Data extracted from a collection
==================================================
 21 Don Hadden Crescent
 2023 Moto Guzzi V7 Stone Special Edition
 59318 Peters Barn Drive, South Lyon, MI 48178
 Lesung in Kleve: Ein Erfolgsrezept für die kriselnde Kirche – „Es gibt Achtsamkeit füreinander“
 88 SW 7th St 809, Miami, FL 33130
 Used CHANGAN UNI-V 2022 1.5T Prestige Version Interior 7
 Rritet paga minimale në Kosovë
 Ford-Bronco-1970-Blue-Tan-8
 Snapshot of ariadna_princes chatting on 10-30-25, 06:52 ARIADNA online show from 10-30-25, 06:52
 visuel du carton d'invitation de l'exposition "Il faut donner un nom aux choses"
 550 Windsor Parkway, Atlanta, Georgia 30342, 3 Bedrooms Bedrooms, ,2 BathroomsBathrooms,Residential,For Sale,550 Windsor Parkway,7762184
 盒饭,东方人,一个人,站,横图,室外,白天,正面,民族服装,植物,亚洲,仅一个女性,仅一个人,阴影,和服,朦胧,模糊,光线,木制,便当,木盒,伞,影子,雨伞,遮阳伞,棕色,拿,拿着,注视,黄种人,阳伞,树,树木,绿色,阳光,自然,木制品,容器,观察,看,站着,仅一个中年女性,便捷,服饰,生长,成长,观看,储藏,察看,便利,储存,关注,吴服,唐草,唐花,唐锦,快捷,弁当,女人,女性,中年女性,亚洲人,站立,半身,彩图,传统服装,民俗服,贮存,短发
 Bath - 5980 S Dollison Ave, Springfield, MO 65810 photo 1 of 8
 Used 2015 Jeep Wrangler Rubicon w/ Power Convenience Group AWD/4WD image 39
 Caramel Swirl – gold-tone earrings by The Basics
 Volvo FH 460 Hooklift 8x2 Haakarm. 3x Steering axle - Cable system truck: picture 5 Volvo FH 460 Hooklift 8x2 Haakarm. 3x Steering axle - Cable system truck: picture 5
==================================================
* TASK TO CARRY OUT
The answer is the records above restated word for word from their opening line through the line that holds "550 Windsor Parkway, Atlanta, Georgia", both included, and nothing else.

* EXERCISE ANSWER
 21 Don Hadden Crescent
 2023 Moto Guzzi V7 Stone Special Edition
 59318 Peters Barn Drive, South Lyon, MI 48178
 Lesung in Kleve: Ein Erfolgsrezept für die kriselnde Kirche – „Es gibt Achtsamkeit füreinander“
 88 SW 7th St 809, Miami, FL 33130
 Used CHANGAN UNI-V 2022 1.5T Prestige Version Interior 7
 Rritet paga minimale në Kosovë
 Ford-Bronco-1970-Blue-Tan-8
 Snapshot of ariadna_princes chatting on 10-30-25, 06:52 ARIADNA online show from 10-30-25, 06:52
 visuel du carton d'invitation de l'exposition "Il faut donner un nom aux choses"
 550 Windsor Parkway, Atlanta, Georgia 30342, 3 Bedrooms Bedrooms, ,2 BathroomsBathrooms,Residential,For Sale,550 Windsor Parkway,7762184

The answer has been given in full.